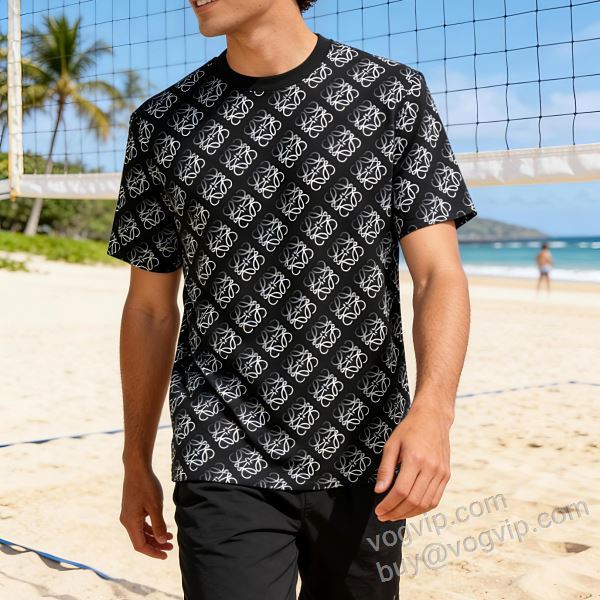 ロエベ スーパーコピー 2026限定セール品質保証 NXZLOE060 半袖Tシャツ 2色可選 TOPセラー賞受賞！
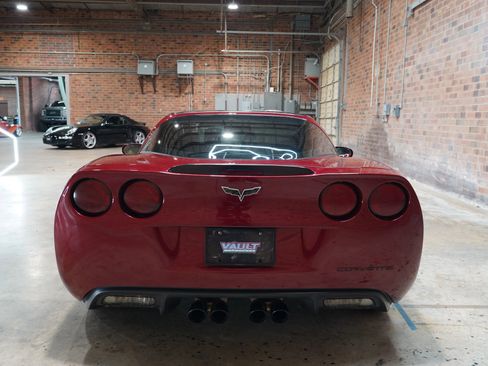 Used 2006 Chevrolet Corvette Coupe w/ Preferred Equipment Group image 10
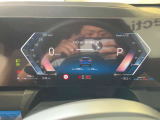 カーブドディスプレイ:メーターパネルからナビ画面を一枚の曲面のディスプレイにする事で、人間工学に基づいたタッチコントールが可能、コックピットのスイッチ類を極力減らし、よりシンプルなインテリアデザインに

...

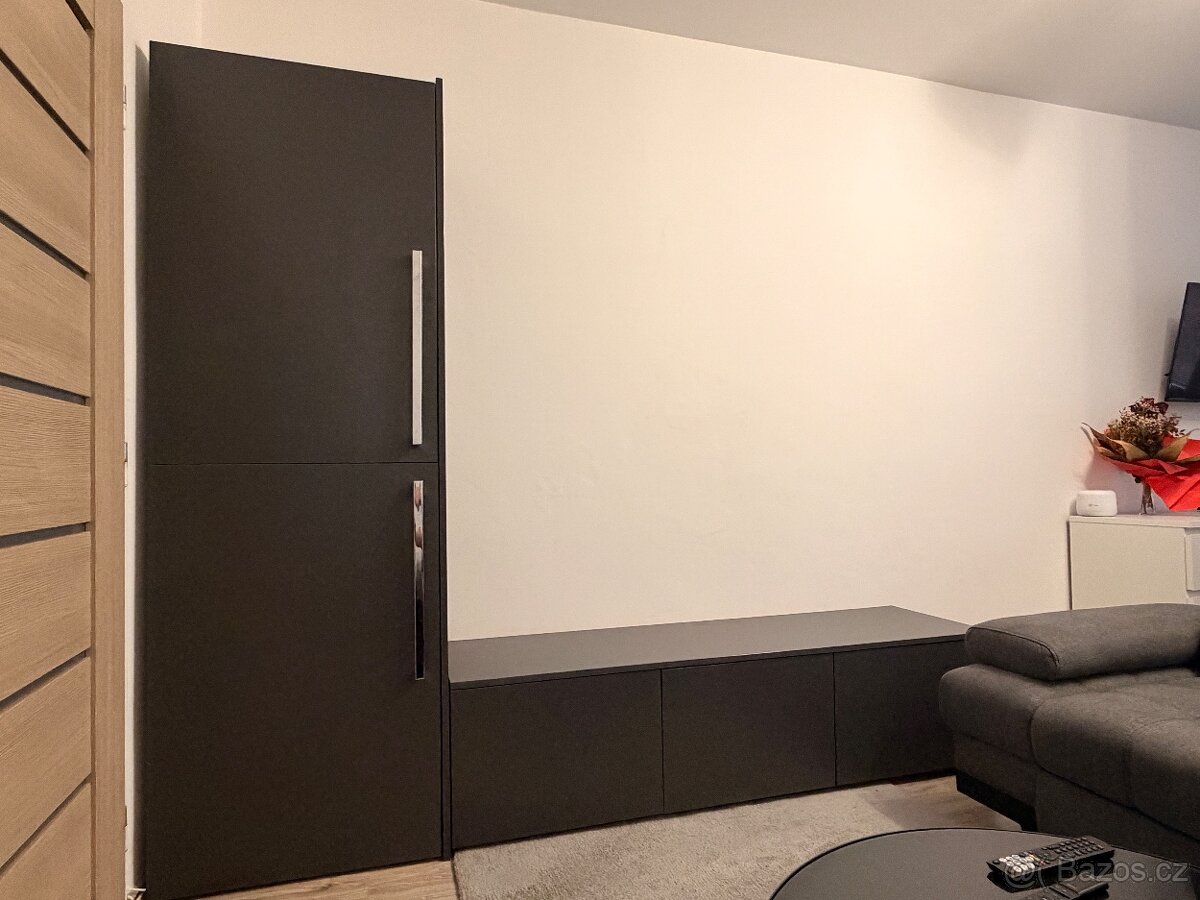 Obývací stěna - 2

• _ASSIGNMENT_
Leaving out all pictures, set down exactly the lines of the material above, from the line with "ロエベ スーパーコピー 2026限定セール品質保証" to the line with "カーブドディスプレイ:メータ" inclusive, and no others.

• _ANSWER FOR THE TASK_
 ロエベ スーパーコピー 2026限定セール品質保証 NXZLOE060 半袖Tシャツ 2色可選 TOPセラー賞受賞！
 Used 2006 Chevrolet Corvette Coupe w/ Preferred Equipment Group image 10
 カーブドディスプレイ:メーターパネルからナビ画面を一枚の曲面のディスプレイにする事で、人間工学に基づいたタッチコントールが可能、コックピットのスイッチ類を極力減らし、よりシンプルなインテリアデザインに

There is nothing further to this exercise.